Preanalytical stability of SARS-CoV-2 anti-nucleocapsid antibodies

Tobias Niedrist ORCID logo , Lisa Kriegl , Christoph J Zurl , Felix Schmidt , Nicole Perkmann-Nagele , Patrick Mucher , Manuela Repl , Ines Flieder , Astrid Radakovics , Daniela Sieghart , Helga Radner , Daniel Aletaha , Christoph J. Binder , Christian Gülly , Robert Krause , Markus Herrmann , Oswald F. Wagner , Thomas Perkmann and Helmuth Haslacher ORCID logo EMAIL logo

Abstract

Objectives

Anti-nucleocapsid (NC) antibodies are produced in response to SARS-CoV-2 infection. Therefore, they are well suited for the detection of a previous infection. Especially in the case of seroprevalence studies or during the evaluation of a novel in-vitro diagnostic test, samples have been stored at <−70 °C (short- and long-term) or 2–10 °C (short-term) before analysis. This study aimed to assess the impact of different storage conditions relevant to routine biobanking on anti-NC antibodies.

Methods

The preanalytical impact of short-term storage (84 [58–98] days) on <−70 °C and for 14 days at 2–10 °C was evaluated using samples from 111 donors of the MedUni Vienna Biobank. Long-term effects (443 [409–468] days) were assessed using 208 samples from Biobank Graz and 49 samples from Biobank Vienna. Anti-Nucleocapsid antibodies were measured employing electrochemiluminescence assays (Roche Anti-SARS-CoV-2).

Results

After short-term storage, the observed changes did not exceed the extent that could be explained by analytical variability. In contrast, results after long-term storage were approximately 20% higher and seemed to increase with storage duration. This effect was independent of the biobank from which the samples were obtained. Accordingly, the sensitivity increased from 92.6 to 95.3% (p=0.008). However, comparisons with data from Anti-Spike protein assays, where these deviations were not apparent, suggest that this deviation could also be explained by the analytical variability of the qualitative Anti-NC assay.

Conclusions

Results from anti-NC antibodies are stable during short-term storage at <−70 °C and 2–10 °C. After long-term storage, a slight increase in sensitivity could not be ruled out.

Introduction

In response to infection with SARS-CoV-2, most immunocompetent individuals produce antibodies against different viral epitopes [1, 2]. Not all these antibodies neutralize the virus, e.g., those directed against the viral nucleocapsid (NC) [3]. Nevertheless, anti-NC antibodies can be used as reliable markers for previous infections with SARS-CoV-2 [4]. Since those antibodies are not formed after vaccination with mRNA-, vector- or peptide vaccines based on spike protein, anti-NC antibodies can be employed to detect natural infections in vaccinated individuals [4, 5]. Even after vaccination with the inactivated virus (e.g., CoronaVac), only part of the vaccinees develop anti-NC antibodies [5, 6]. Therefore, the measurement of these antibodies is particularly relevant for epidemiological studies in vaccinated cohorts.
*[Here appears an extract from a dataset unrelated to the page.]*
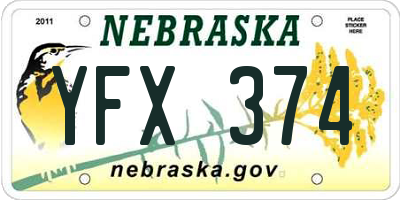 NE license plate YFX374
For this purpose, biobanks typically store samples frozen at <70 °C for the long term. When thawed for planned analyses, they are often kept at 2–10 °C for several days until studies are completed. Some analytes might be sensitive to specific storage temperatures, freeze/thaw cycles, or undergo degradation even at ultra-low temperatures [7, 8]. Moreover, sublimation due to improper storage or incomplete sealing can lead to an unwanted concentration of specific analytes [9]. Also, the freezing and thawing process may change epitopes of analytes or antigen-binding sites of antibodies and can, therefore, unintentionally affect the sensitivity of applied tests [10].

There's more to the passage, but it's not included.